I have a custom GeneratorBasedBuilder
subclass that I’m trying to get running. It seems like I’m almost there, but my trainer is failing with a type error when trying to access a generated sample—to be more specific, I’m working with the train_text_to_image.py
script and it’s failing at the preprocess_train(examples)
function…
From what I understand, this is because the actual data is a PIL.Image
, but my generator’s features
dict lists the features as "image": datasets.Value("string")
, which is obviously incorrect. However, it doesn’t seem like I can indicate an Image as a type here, so how am I supposed to do this?..
In my _generate_examples
function I’m creating two images and a string as the types for my three columns.

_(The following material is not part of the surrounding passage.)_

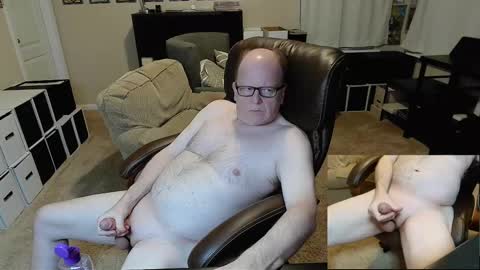 Snapshot of patrickstroking chatting on January 24, 12:31 am patrickstroking online show from January 24, 12:31 am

features=datasets.Features(
{
"image": [Image.Image],
"text": datasets.Value(("string")),
"conditioning_image": [Image.Image]
}
)
In addition to the above, I’ve tried the original (template) datasets.Value("string")
, Image
(which fails with cannot pickle module
), and Image.Image
…
I’m doing some preprocessing in my _generate_examples
function—basically adding a random mask—which I’d rather not do at the caller, if possible…
My _generate_examples
function returns:
yield idx, { "image": target_img, "text": prompts, "conditioning_image": cond_img }
in case that helps… “target_img” and “cond_img” are both type PIL.Image
Why is this difficult… ???